Java class file and bytecode

Class file

  1. Version
  2. Constant Pool
  3. Class name, modifiers
  4. Superclass, superinterfaces
  5. Fields
  6. Methods
  7. Attributes
  • Fields, methods may have attributes (e.g., values of constant fields)
  • The main attributes of a method is its code: Java bytecode

Java bytecode

  1. Instruction array
  2. Operand stack
  3. Local variables array (method arguments, local variables)

In the JVM specification each instruction is strictly defined. Two different JVMs that obey JVM specification have no chance to execute the same bytecode differently.

Java Runtime

It is not enough to have a JVM only to run a Java program.
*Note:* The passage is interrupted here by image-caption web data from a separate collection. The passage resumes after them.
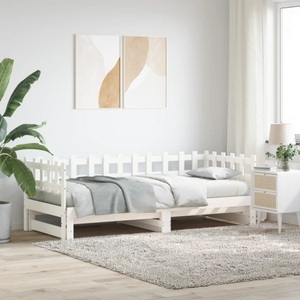 vidaXL, vidaXL Tagesbett Ausziehbar Weiß 2x(90x200) cm Massivholz Kiefer, vidaXL Tagesbett Ausziehbar Weiß 2x(90x200) cm Massivholz Kiefer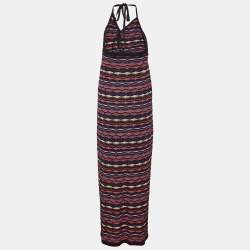 Pre Owned M Missoni Multicolor Lurex Knit Halter Neck Maxi Dress L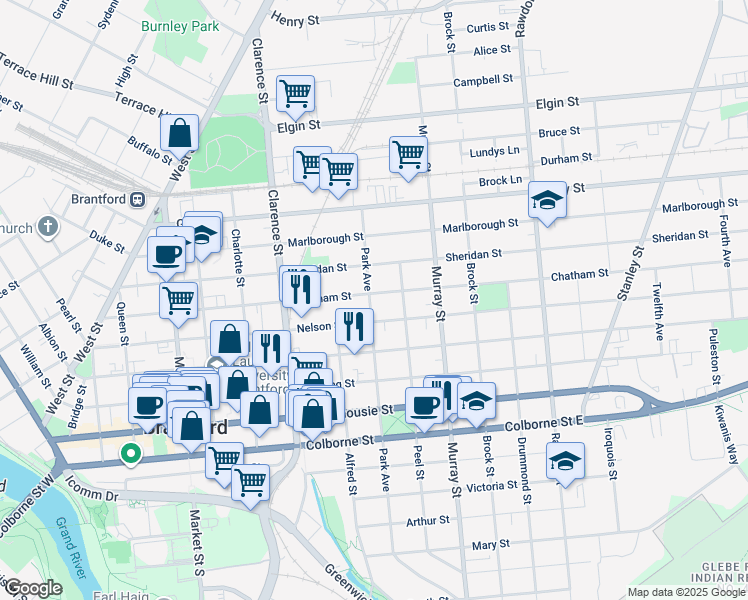 map of restaurants, bars, coffee shops, grocery stores, and more near in Brantford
Java Runtime is needed for it:

  • JVM
  • Platform classes
    • core classes (Object, String, etc)
    • Java standard APIs (IO, NET, NIO, AWT/Swing, etc.)
  • Implementation of native methods of platform classes (OS-specific, distributed as native dynamic libraries — .dll, .so, .dylib)
  • Auxiliary files (time zones, locales descriptions, media resources, etc.)

Classloading engine

Classloading

JVM executes classes from the following sources

  • Java Runtime (platform classes)
  • Application classpath
  • Autogenerated on-the-fly (Proxy, Reflection accessors, invoke dynamic implementation)
  • Provided by the application itself

Every class is loaded by a class loader:

  • Platform classes are loaded by the bootstrap class loader
  • Classes from application are loaded by the system class loader (AppClassLoader)
  • Application classes may create user-defined class loaders

JVM can load two different classes with the same name provided that they’re loaded with different class loaders

  • A class loader forms a unique class names space

Class loading process

  • Class file parsing: class format is checked (may throw ClassFormatError)
  • Creation of a runtime representation of the class in a special JVM memory area: runtime constant pool in Method Area aka Meta Space aka Permanent Generation
  • Loading of a superclass and superinterfaces

Linking

  • Java bytecode verification
  • Preparation
  • Resolution of symbolic reference

Java bytecode verification

  • Performed once for a class
  • Instructions correctness checks
  • Operand stack and local variables out of bounds checks
  • Type assign compatibility checks

Class initialization

Before any method of a class can be executed, class initialization should happen, which is a call of a static initializer of a class

class MyClass {
	static int i = 10; 
	static String s = "Hello"; 
	static {
		System.out.println(s)
	}
}
  • Happens on first use
    • new
    • static field access
    • static method call
  • Provokes initialization of a super class and super interfaces with default methods

Execution engine: interpreters, JIT, AOT

JVM may execute bytecode via

  • Interpretation
  • Translation into native code, that will run directly on CPU

Interpreter (Simple)

pc = 0 
	do {
		fetch opcode at pc;
		if (operands) fetch operands;
		execute the opcode;
		calculate pc;
	} while (there is more);

Template interpreter

  • Every bytecode instruction is implemented as a sequence of target CPU instructions (template)
  • Instruction interpretation is just jump to a corresponding template

Compilers

  • Non-optimizing
    • make it up as I go along
  • Simple Optimizing
    • HotSpot Client (C1)
  • Sophisticated Optimizing
    • HotSpot Server (C2)
  • Dynamic (Just-In-Time - JIT)
    • Translation into native code happens at application runtime
  • Static (Ahead-Of-Time - AOT)
    • Translation happens before program execution
Dynamic Compilers (JIT)
  • Work concurrently with program execution
  • Compiler hot code only (determined by profiling)
  • Profiling information is used for optimal optimizations
Static Compilers (AOT)
  • Are not limited in resources for optimizations
  • Compile every method of a program using the most aggressive optimizations
  • No overheads at run-time (fast startup)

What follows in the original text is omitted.